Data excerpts
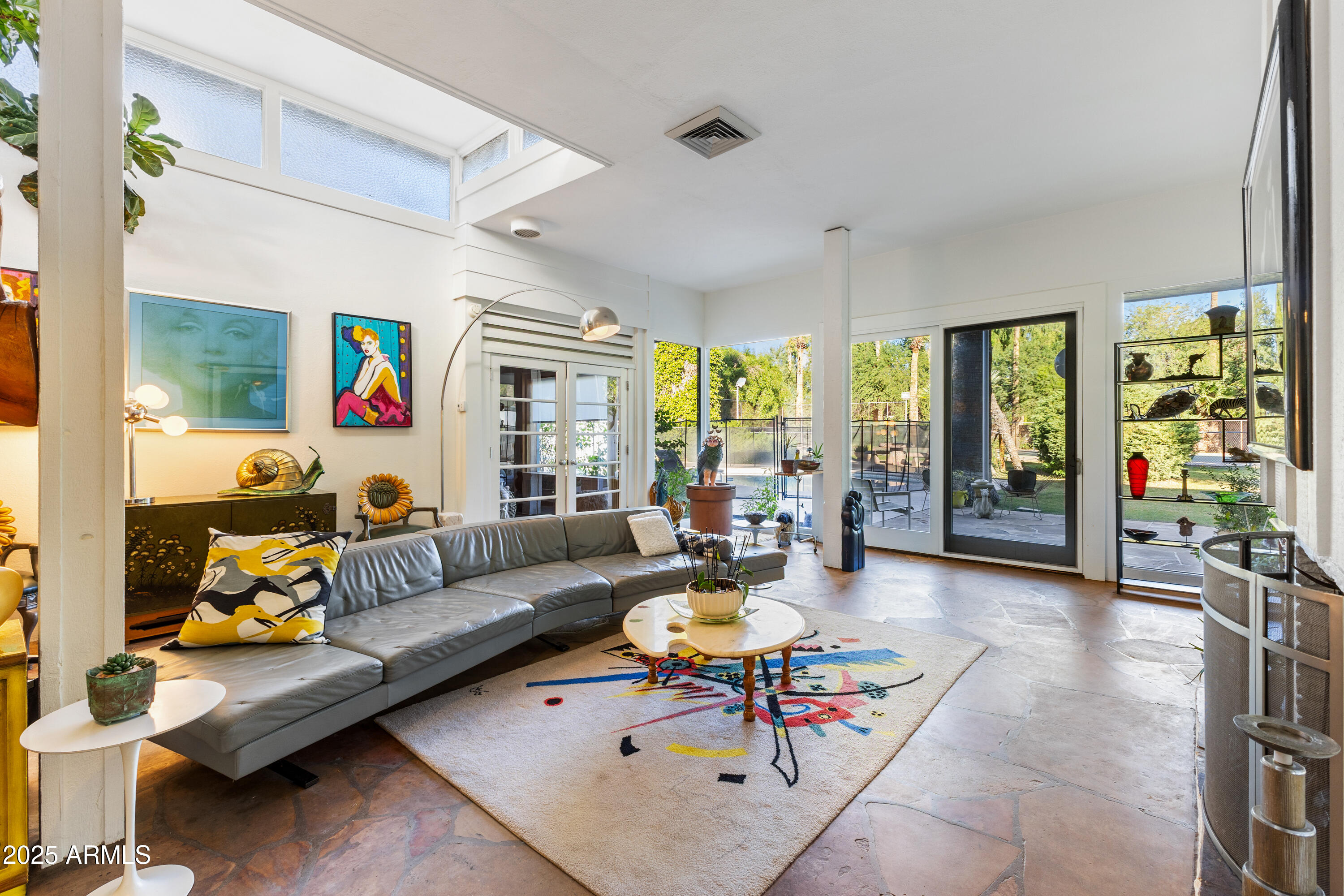 2330 E COLTER Street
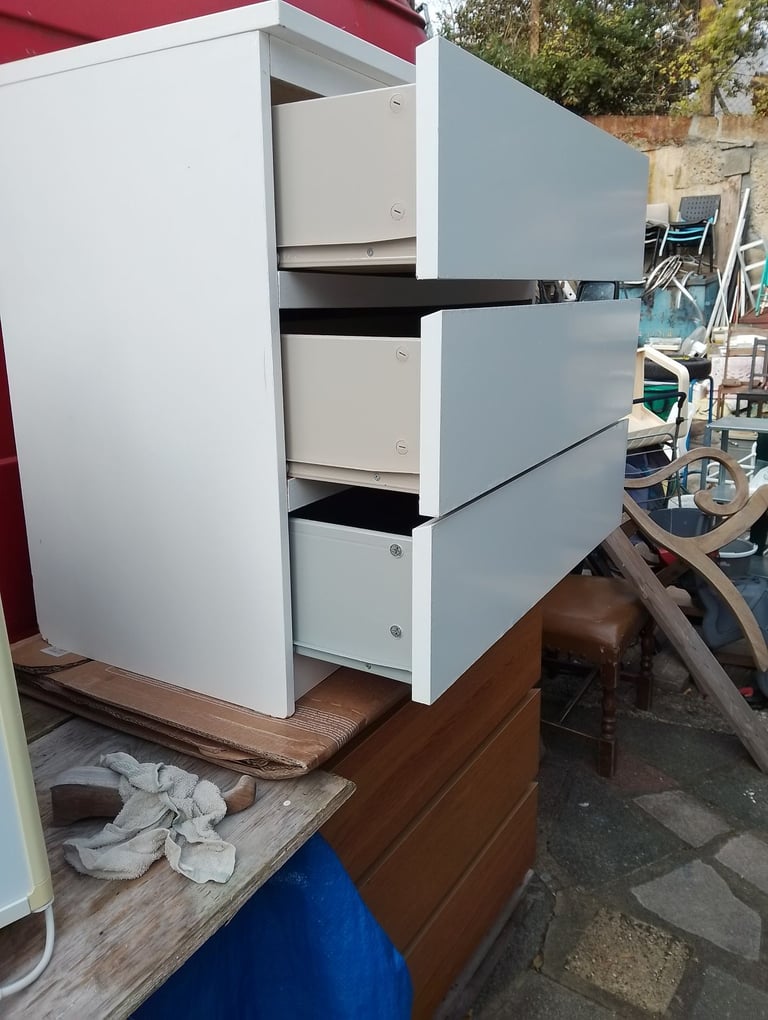 Chest of 3 large deep white drawers in very good condition allround 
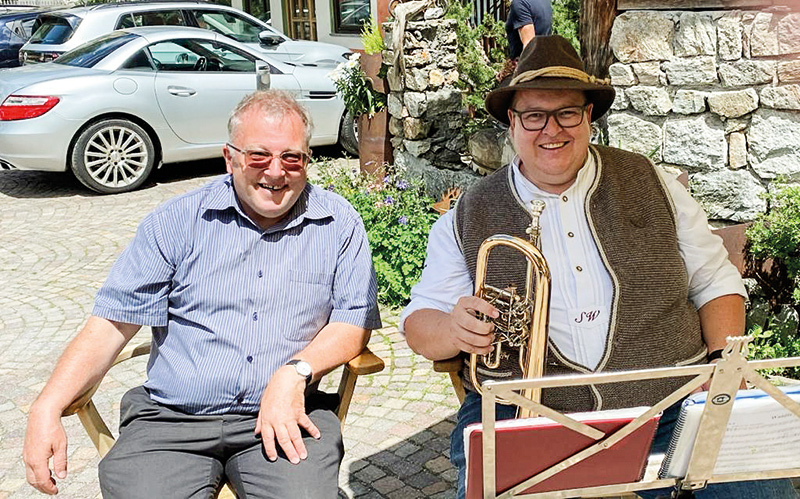 Pfarrer Florian Öttl  (links) mit dem Chef der Tauferer Wirtshausmusikanten Siegi Warger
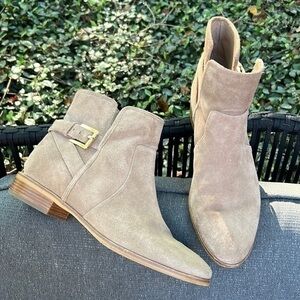 ▶️ MICHAEL KORS ◀️ SALEM BOOTIES
DARK KHAKI SUEDE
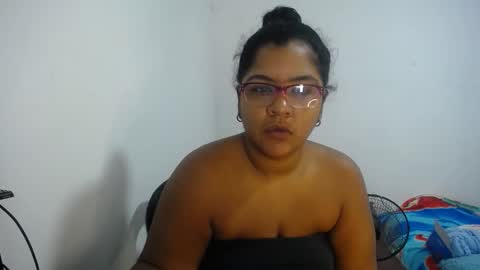 Snapshot of victoria_big1 chatting on March 2026 12:05:01 PM lut83 online show from March 2026 12:05:01 PM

◆ Task requirements
Leave the pictures out and output the rest of the data word for word.

◆ Exercise result
 2330 E COLTER Street
 Chest of 3 large deep white drawers in very good condition allround 
 Pfarrer Florian Öttl  (links) mit dem Chef der Tauferer Wirtshausmusikanten Siegi Warger
 ▶️ MICHAEL KORS ◀️ SALEM BOOTIES
DARK KHAKI SUEDE
 Snapshot of victoria_big1 chatting on March 2026 12:05:01 PM lut83 online show from March 2026 12:05:01 PM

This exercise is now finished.